When the British moved out, the building was abandoned for years, until the property was bought by Millenia Hotel Private Limited (an associate company of Pontiac Land Group), which invested US$260 million into refurbishing and regenerating the stunning setting. Today, the original building is home to the reception area, the Andre Fu (Fullerton Bay Hotel in Singapore and Upper House Hotel in Hong Kong)-designed fine dining Cassia restaurant and The Library, where guests can borrow books or DVDs from the hotel’s collection, as well as enjoy coffee, tea and snacks served around the clock. It’s a great spot to steep yourself in the history of the building and the island as you look out across the 30 acres of tropical gardens from the white-columned balcony.

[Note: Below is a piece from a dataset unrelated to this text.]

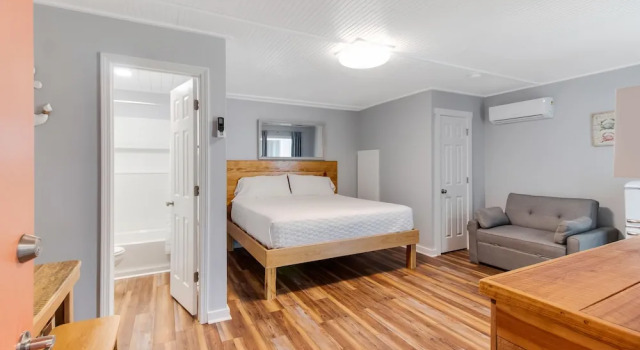 Номер Comfort Anchor Inn Motel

Step outside the main building and you’re confronted with a baffling and incongruous shape. Commissioned in 2004 to redevelop the property for Capella, Lord Norman Foster created a modern addition that imitates the colours of the mansion, using the same terracotta colour as the roof tiles and a similar louvre effect on the sides of the new building, which embraces the resort like two huge arms.
In the middle of this wood and steel envelope, the terraces of Bob’s Bar and The Knolls restaurant look down onto three cascading swimming pools which tumble down the hillside, almost all the way to the beachfront promenade that runs the length of the south shore of Sentosa Island.
We checked into Garden Villa number 51 on the west side of the property, tucked away down a narrow path just wide enough for a golf buggy, its banks spilling over with lush greenery and orchids. The Jaya Ibrahim-designed suites are a showcase of minimal perfection, with rattans and woods in beige and dark brown, and wide open spaces that create a light and airy feel.
Outside the 133 square metre suite, a private plunge pool and sun loungers are shaded from the long-stay apartments behind the main property by a thick wall of greenery, so no one can see in.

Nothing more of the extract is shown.